Closed hdsingh closed 4 years ago
This is a terrible idea!
The whole idea of a dask-based xarray is that it is too big to fit into memory, and maybe needs to be processed on a cluster. .compute()
brings the whole thing into memory. So it will be ok for the case that you are using only one slice, but not for the whole array. For the latter case at least, I would certainly use min/max instead of percentiles.
(note that the code should be tested anyway - I'm actually not sure whether .compute()
, the dask method, is the right thing here, instead of xarray's .values
).
I will go through the dask docs before attempting to solve this again, to get better understanding.
OK, but ask questions sooner rather than later - dask is a pretty big project, and you are looking specifically at the xarray interface, which hides/augments some of the dask.array functionality.
Use of method=tdigest
in dask.array.percentile
would require crick
and cython
as dependency. Shall it be used?
OK, we can do this for now. Maybe it will change later.

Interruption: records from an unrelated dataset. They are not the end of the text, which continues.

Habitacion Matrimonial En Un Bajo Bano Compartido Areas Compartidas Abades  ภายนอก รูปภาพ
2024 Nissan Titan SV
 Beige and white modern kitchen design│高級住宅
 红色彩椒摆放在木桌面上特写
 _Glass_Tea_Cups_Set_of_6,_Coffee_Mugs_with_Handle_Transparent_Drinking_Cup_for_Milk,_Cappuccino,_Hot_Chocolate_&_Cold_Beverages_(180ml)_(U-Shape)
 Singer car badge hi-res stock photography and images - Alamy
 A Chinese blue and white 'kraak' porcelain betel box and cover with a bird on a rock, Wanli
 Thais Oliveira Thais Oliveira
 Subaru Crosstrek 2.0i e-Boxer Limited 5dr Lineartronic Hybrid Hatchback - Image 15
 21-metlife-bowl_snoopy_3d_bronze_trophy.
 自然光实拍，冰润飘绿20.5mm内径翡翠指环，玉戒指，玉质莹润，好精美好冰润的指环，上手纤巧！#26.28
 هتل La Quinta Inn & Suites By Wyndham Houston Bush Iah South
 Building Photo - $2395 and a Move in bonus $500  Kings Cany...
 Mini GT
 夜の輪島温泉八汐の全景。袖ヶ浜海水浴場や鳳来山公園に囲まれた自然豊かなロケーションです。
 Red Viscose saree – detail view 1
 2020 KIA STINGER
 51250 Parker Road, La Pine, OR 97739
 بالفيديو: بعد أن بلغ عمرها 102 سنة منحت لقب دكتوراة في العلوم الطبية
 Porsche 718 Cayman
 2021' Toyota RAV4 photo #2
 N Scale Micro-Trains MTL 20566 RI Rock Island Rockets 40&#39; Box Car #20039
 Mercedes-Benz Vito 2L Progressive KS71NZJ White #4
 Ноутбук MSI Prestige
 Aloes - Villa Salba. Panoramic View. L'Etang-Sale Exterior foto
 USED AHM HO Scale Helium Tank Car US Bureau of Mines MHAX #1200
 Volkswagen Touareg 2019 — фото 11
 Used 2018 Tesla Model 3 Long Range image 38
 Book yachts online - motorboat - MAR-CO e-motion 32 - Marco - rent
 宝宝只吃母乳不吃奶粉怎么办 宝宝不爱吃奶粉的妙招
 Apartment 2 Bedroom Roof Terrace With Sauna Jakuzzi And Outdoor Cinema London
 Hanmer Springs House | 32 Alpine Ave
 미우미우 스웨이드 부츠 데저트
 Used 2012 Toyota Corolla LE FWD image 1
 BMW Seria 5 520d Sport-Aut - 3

Note that we can test for the existence of crick.TDIgest and use it, if possible. We should not require it. Also, crick does not depend on cython, only numpy ( https://github.com/conda-forge/crick-feedstock/blob/master/recipe/meta.yaml#L26 ). Cython is used during building within conda-forge (or pip, if you install from source). If you do not know, I can give a brief introduction into what cython does at our next meeting.
Please test and use crick if possible, and then we can merge this.
I would like you at some point to justify the rounding to 5 places.
I have made relevant changes. Please have a look.
OK, going in when it turns green.
Now we can create plot for dask arrays.
The above code now runs without error (on clicking
PLOT
).In master branch it gives
TypeError: quantile does not work for arrays stored as dask arrays. Load the data via .compute() or .load() prior to calling this method.